Enquiry about object: 4274
Woman’s Iron Pubic Cover (Cache Sexe)
Kirdi and Matakam People, North Cameroon 19th-early 20th century
length: 37.5cm
Provenance
private collection, UK
This pubic cover or cache sexe was worn by women of the Kirdi and Matakam peoples of North Cameroon. It is of forged iron with a hard loop of matted and woven cotton fibre with iron rings. This is attached to a thick iron wire hoop which has been decorated with two twists of aluminium strips.
This is the most traditional type of female pubic cover used in North Cameroon.

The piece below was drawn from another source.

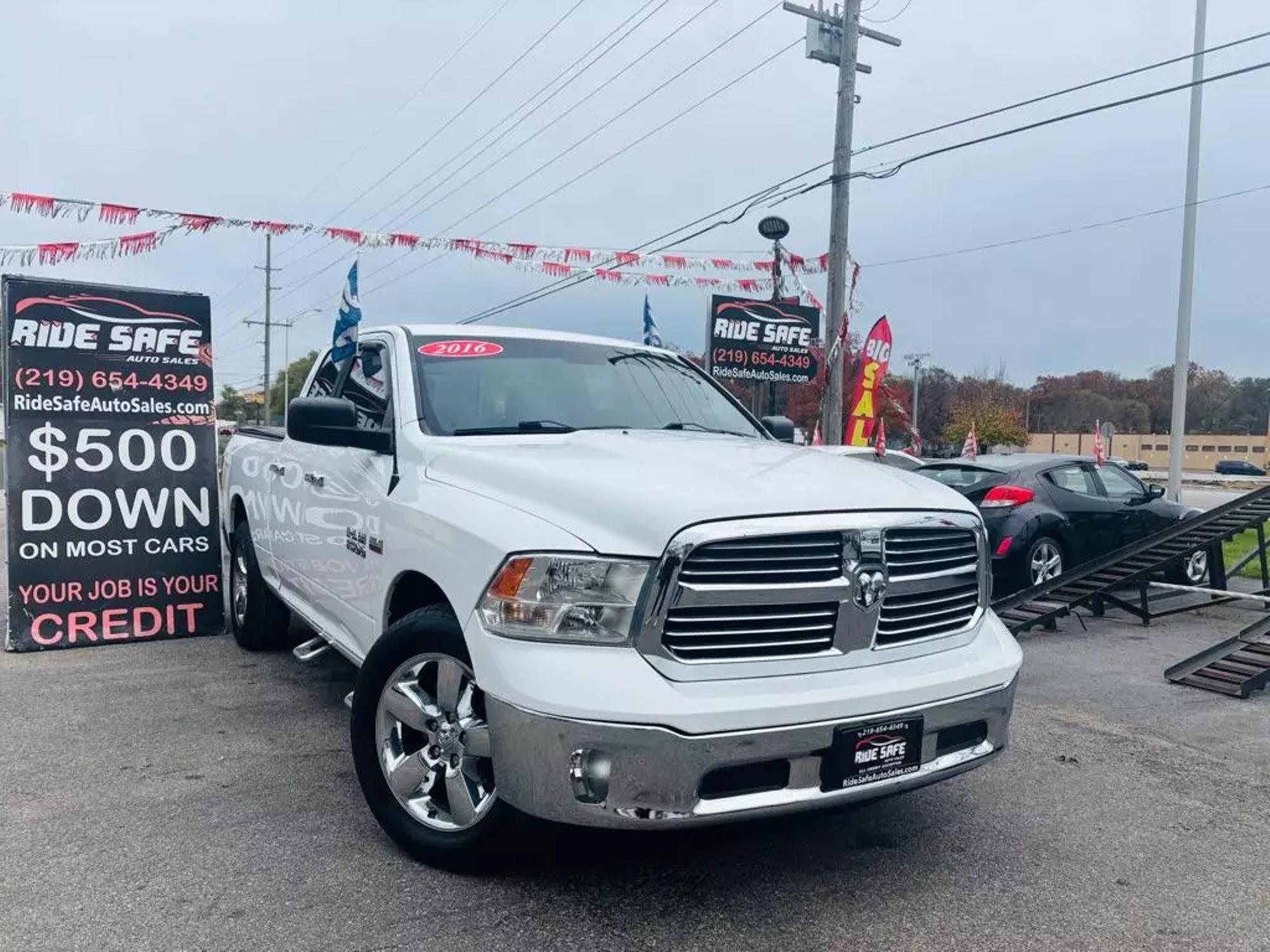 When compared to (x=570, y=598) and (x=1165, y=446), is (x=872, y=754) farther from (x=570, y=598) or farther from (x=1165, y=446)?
(x=1165, y=446)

It is also somewhat erotic in that its shape and texture is meant to mirror what might lay beneath. (Leurquin, 2004, p. 283).
Such covers were worn by married women.
See Daalder (2009, p, 413), Borel (1994, p. 77), and Leurquin (2004, p. 45) for related examples.
References
Borel, F., The Splendour of Ethnic Jewelry: From the Colette and Jean-Pierre Ghysels Collection, Thames & Hudson, 1994.
Daalder, T., Ethnic Jewellery and Adornment: Australia, Oceania, Asia, Africa, Ethnic Art Press/Macmillan, 2009.
Leurquin, A., A World of Belts: Africa, Asia, Oceania, America from the Ghysels Collection, Skira, 2004.